We believe that the AROP of BocAz proceeds via a similar mechanism to the polymerization of N-sulfonylaziridines (Scheme 3) [14]. Initiation occurs when BuN(K)Ts nucleophically attack the aziridine ring of BocAz, leading to ring opening and the formation of a new aza anion. Propagation occurs through successive nucleophilic attacks of the aza anions of the growing chain end with additional BocAz molecules. We suspect that polymer-chain termination via protonation occurs upon precipitation into methanol.

Scheme 3

Proposed mechanism for the AROP of BocAz.

Although it was not possible to synthesize high-molecular-weight poly(BocAz), poly(BocAz) could still prove to be valuable as a source for low-molecular-weight lPEI. We attempted to deprotect poly(BocAz) using trifluoroacetic acid (TFA) in a solution of DCM. The 13C spectra of the resulting white powder were fully consistent with the formation of lPEI (Figure S5).
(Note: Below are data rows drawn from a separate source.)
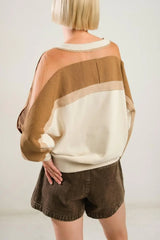 LAST FLING CREA, BLOCKED TOP - Flying Tomato - Flyclothing LLC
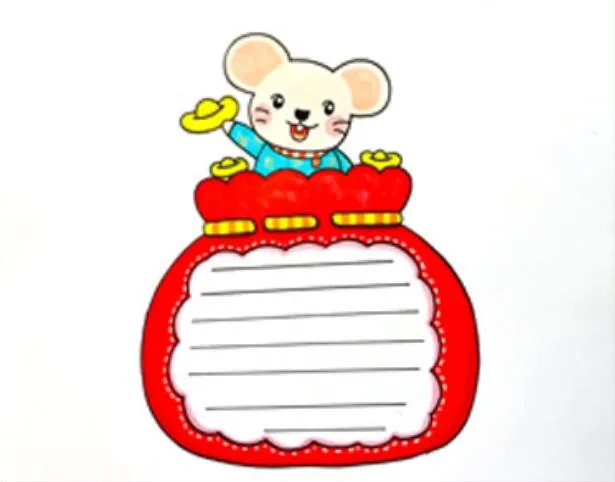 2020春节手抄报图片大全 迎接2020年春节手抄报图片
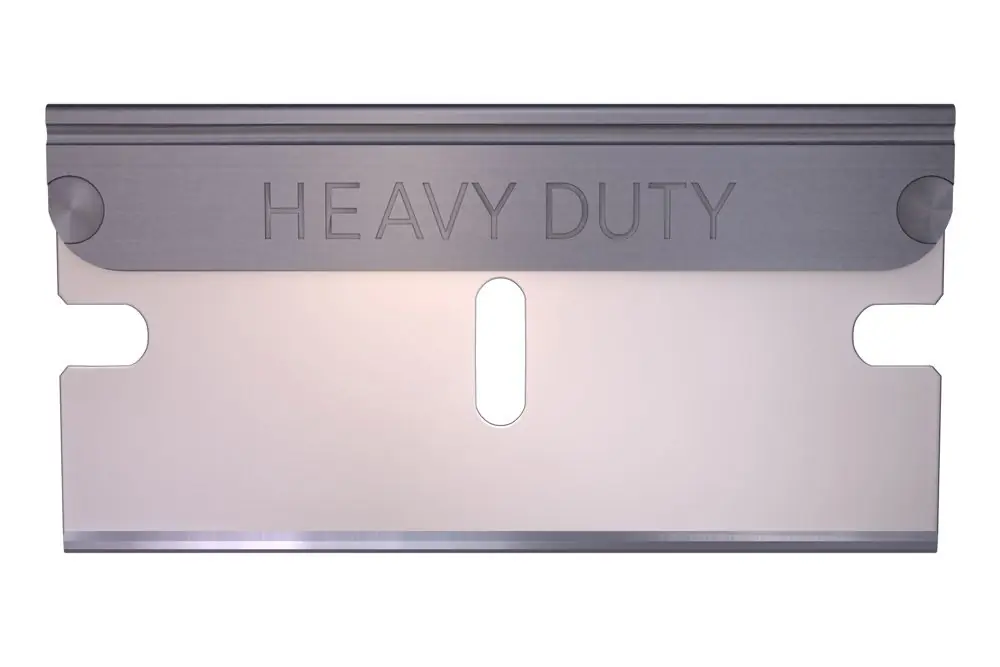 AccuForge AGBL-7012-0000 Gem2® Heavy-Duty Uncoated & Degreased Single Edge 0.012" Carbon Steel Blades with Steel Backing, 90 pc. Cartridge (Case of 10)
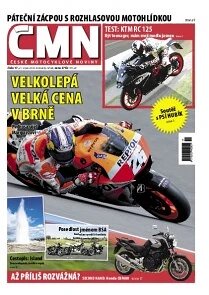Obálka e-magazínu ČESKÉ MOTOCYKLOVÉ NOVINY 17/2014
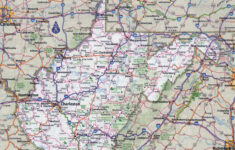 Large Detailed Roads And Highways Map Of Virginia And West in Map Of Virginia And West Virginia With Cities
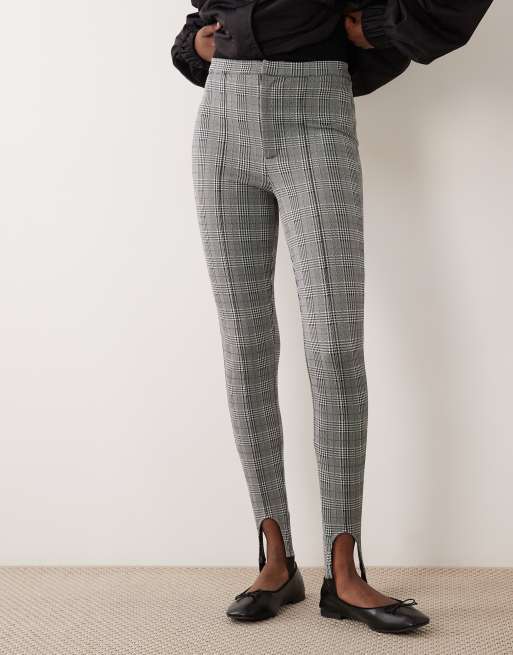 ASOS DESIGN skinny byxor med fotrem i rutigt tryck, 3 av 5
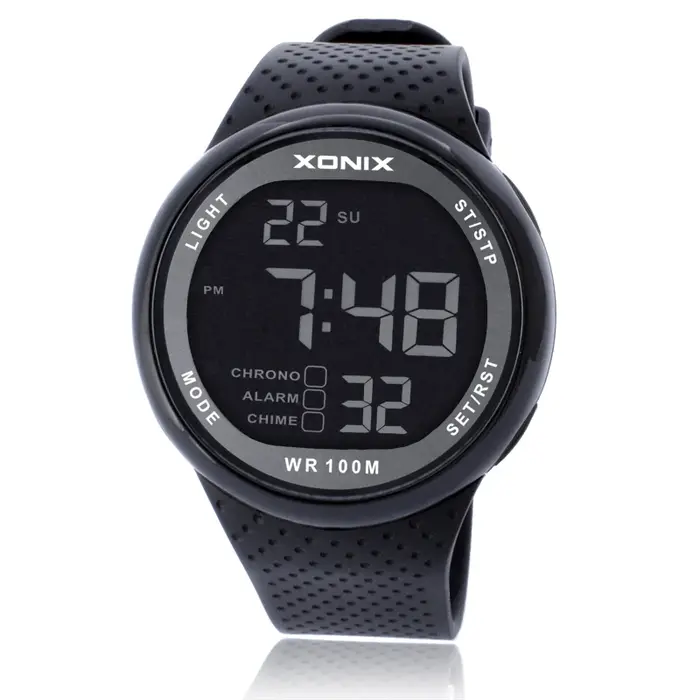XONIX classiques montre de sport Relogio Masculino numérique plongée natation étanche 100m Reloj Hombre montre-bracelet submersible GJ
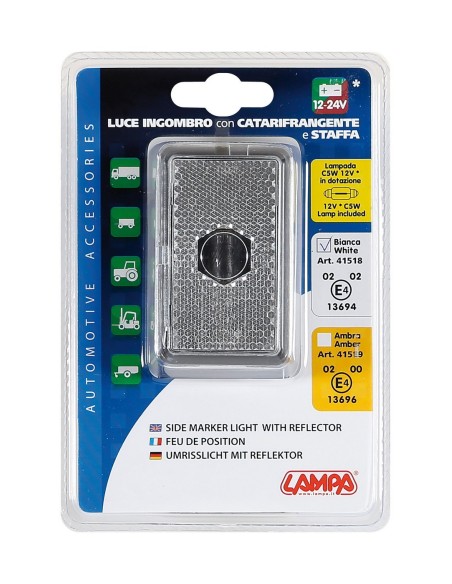 LUCE INGOMBRO BIANCA CON CATARIFRANGENTE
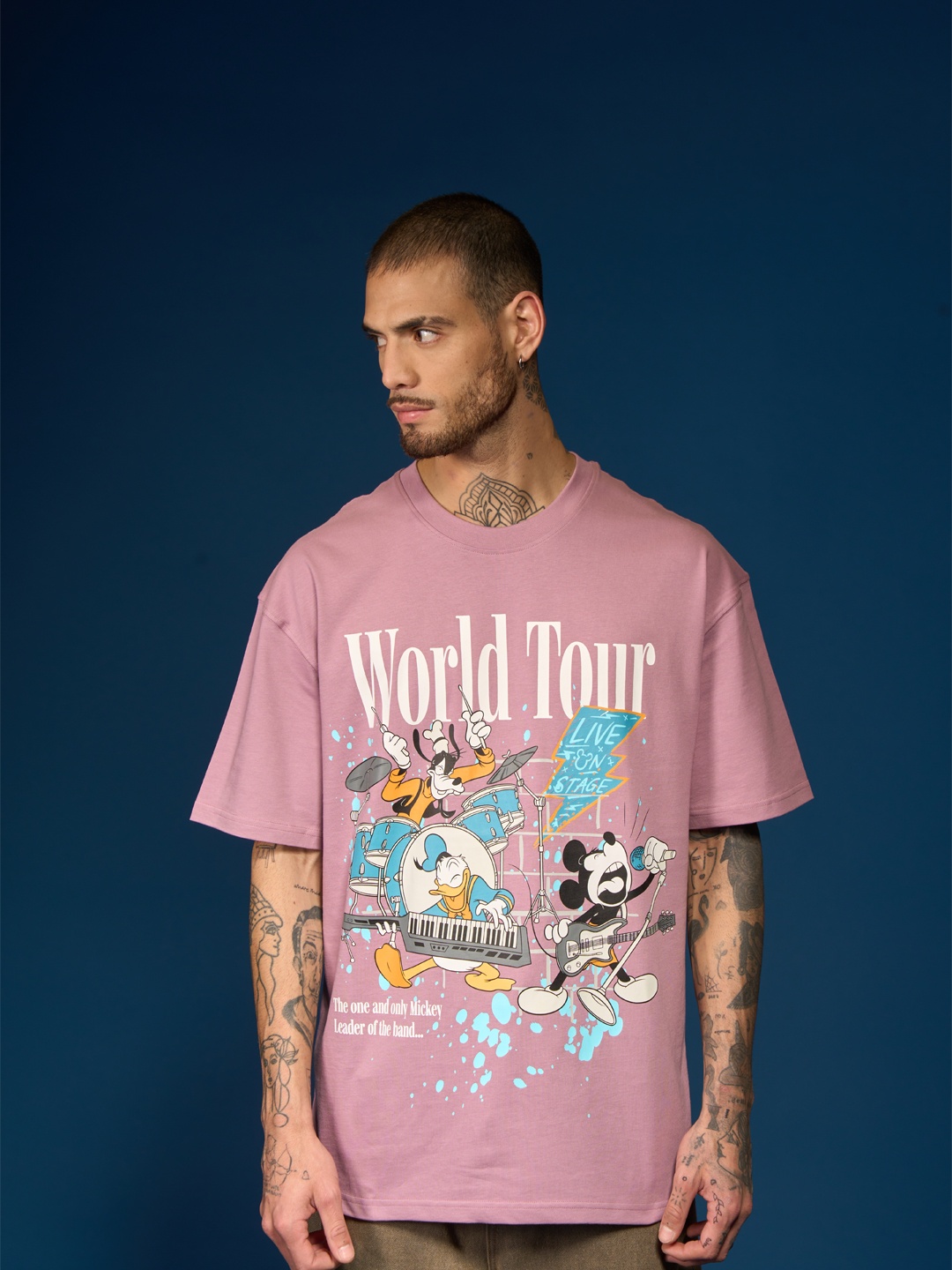 

Bonkers Corner Printed Cotton Oversized T-shirt, Pink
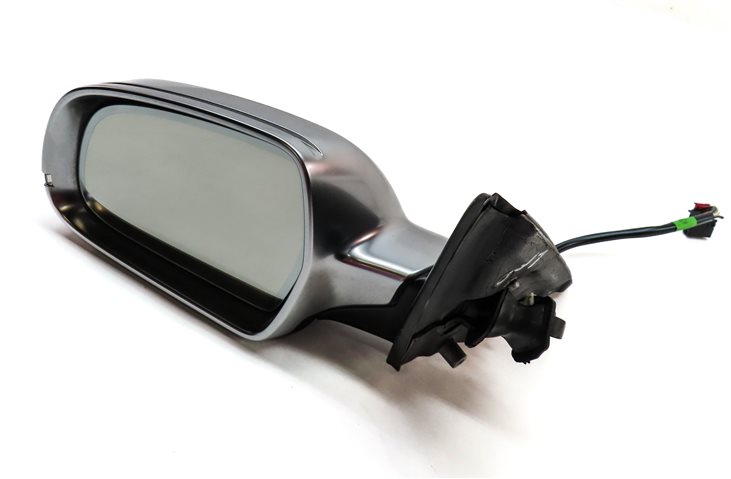 Thumbnail 4: 10-16 AUDI S4 (B8 8K) LEFT MANUAL FOLD HEATED AUTODIM DOOR MIRROR (ALUMINUM)
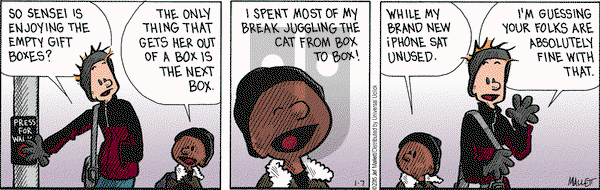 Frazz on Wednesday January 7, 2015 Comic Strip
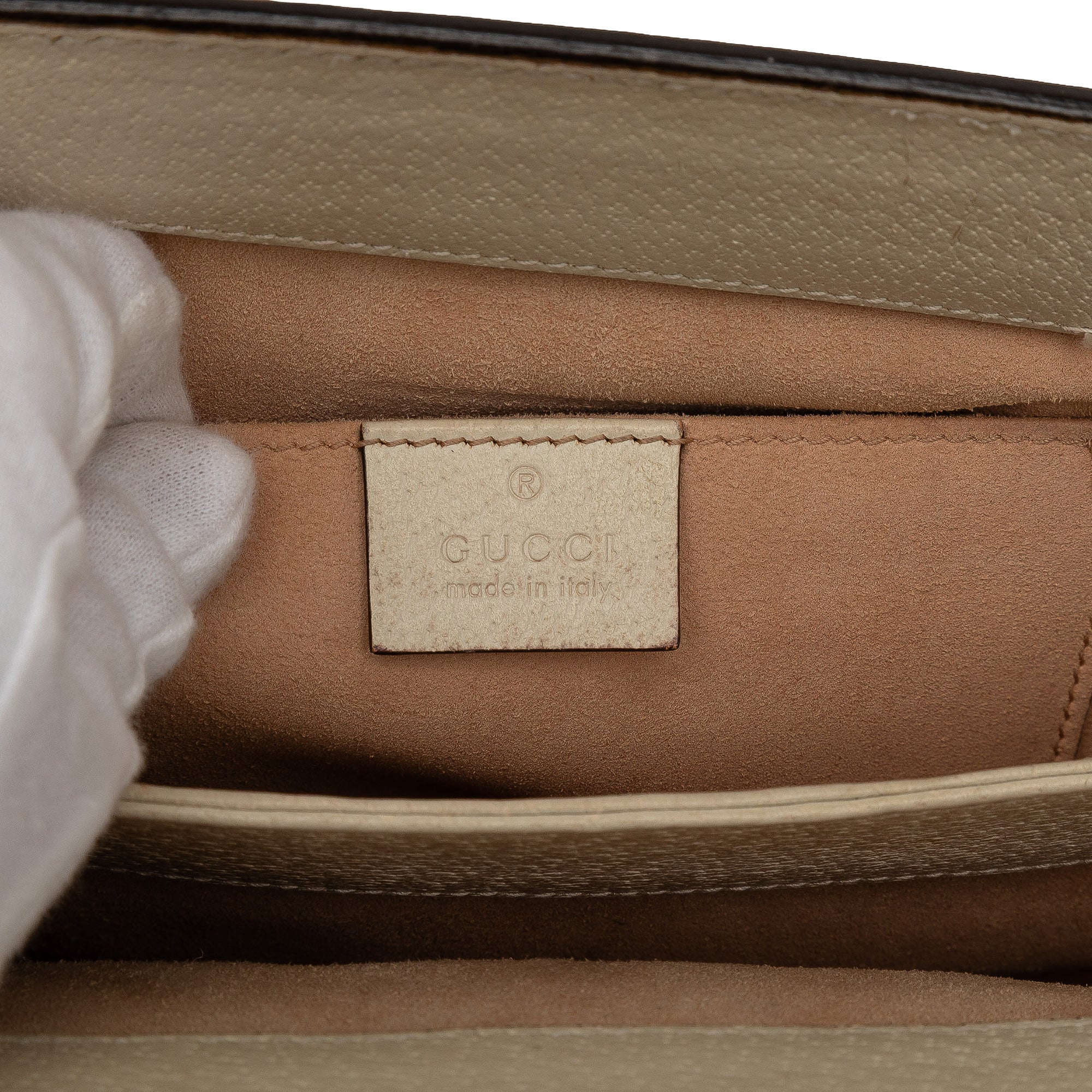 Small Calfskin Web Ophidia Chain Crossbody - Image 6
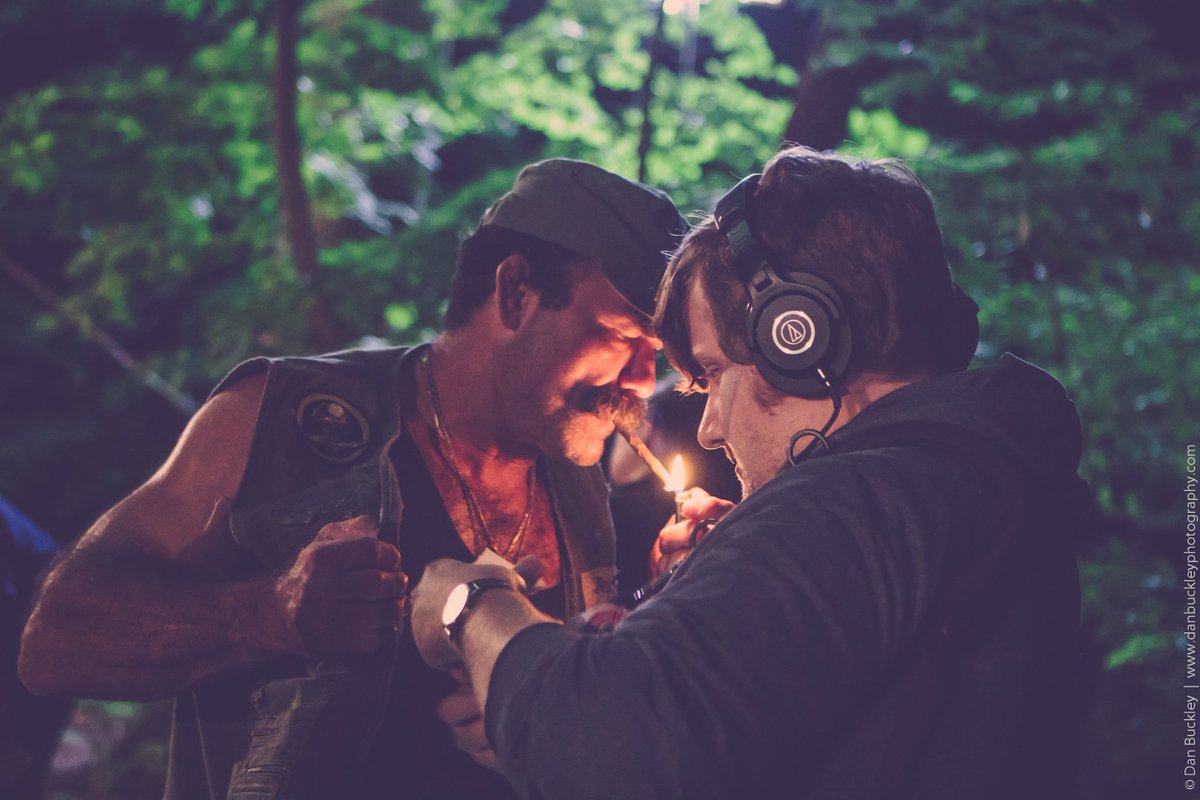 ANIMALAMONGUS's tweet photo. The #Predator, and living #legend,  @DonFryeFighter , #behindthescenes of #ANIMALAMONGUS Caught by Dan Buckley Photography #HorrorMovies https://t.co/RXncFJ1FL1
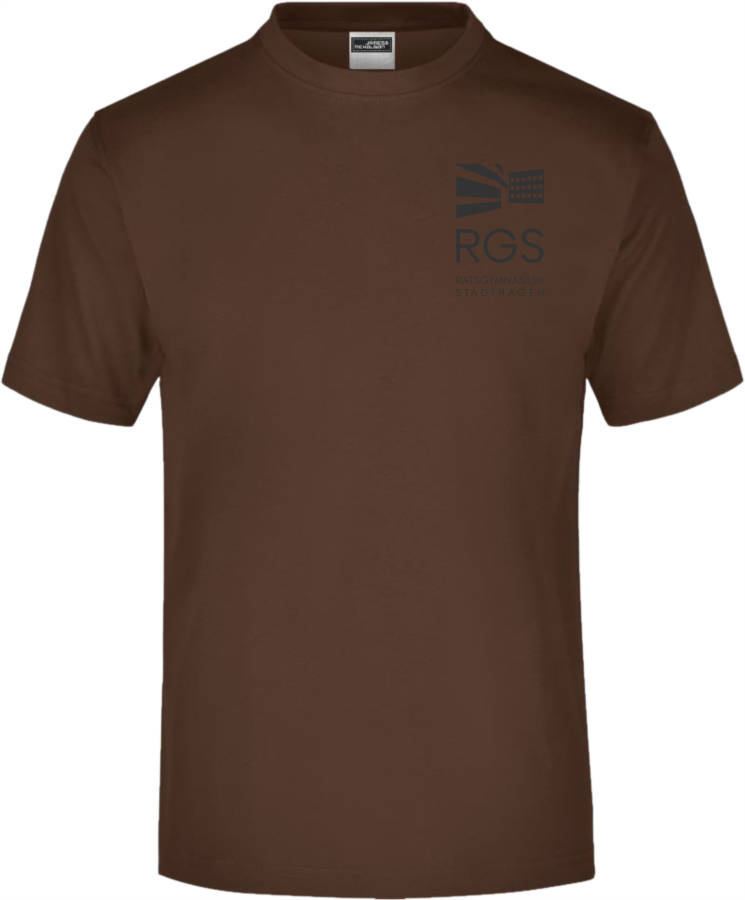 RSG Sportshirt Herren  Hot Chocolate  Druck dunkelgrau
The 13C NMR spectrum of the white powder was especially convincing as it consisted of a single signal at 47 ppm, which is characteristic of lPEI [18]. By contrast, bPEI exhibits a much more complex 13C NMR spectrum [15].

4. Conclusions

In summary, we reported on the anionic ring-opening polymerization (AROP) of tert-butyl aziridine-1-carboxylate (BocAz). The resulting poly(BocAz) was linear but had poor solubility in most solvents. This poor solubility limits access to high-molecular-weight polymers as poly(BocAz) precipitates prematurely during polymerization. The Boc group of poly(BocAz) is easily removed using trifluoroacetic acid (TFA) to form low-molecular-weight linear polyethyleneimine (lPEI).

Overall, our results show that the Boc group is a potential alternative to sulfonyl groups for activating aziridines for anionic polymerizations. It also suggests that carbonyl-activating groups could play a larger role in the growing field of aziridine-polymerization chemistry.